It cost us money last year, but it wasn’t huge. We’re about 14 percent international, but I think it cost us $1.5 million or $2 million. It’s presented us with some opportunities, and we’ve announced a couple of partnerships in Germany and Poland and Benelux with multi-unit guys because we’re bringing some capital to bear. We actually like the idea that we’re bringing a strong currency into a market with a weaker one. Where we get paid in those currencies, yeah, it had an impact, but we think it creates more opportunity than it does an issue.

How about what’s going on in China? Does that have any impact?

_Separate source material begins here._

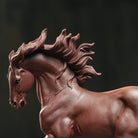 Qian Li Ma - Zisha Sculpture - zycs_China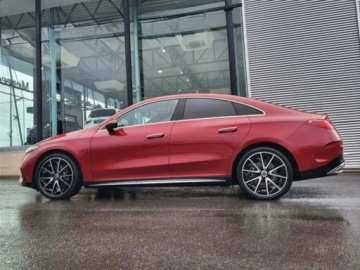 Mercedes CLA C118/X118 2025 MERCEDES-BENZ CLA 250+ AMG Line Sedan (272KM) 2025, zdjęcie 4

China hasn’t been a major target for us. We’ve got a partner that’s building 25 hotels for us. I was over there this summer. You could tell this summer things were getting a little antsy, because they’d start a project earlier than they were originally going to. I’d ask why they were starting early and they’d say that now is a good time to take the money. Yeah, the government is just feeding all these projects, yet there are some beautiful buildings being built.

So China may struggle some this year, but struggling means something different when you’re going from 8 percent GDP growth to 5 percent. They’re still building a lot of stuff just to build it. That’s probably going to come to a halt, but it’s still a vibrant growing economy. And I’m hoping they stay healthy, because the biggest impact to us is their travelers. If the Chinese come to the U.S., they’re going to stay with us. They’re not staying in the other guys’ hotels.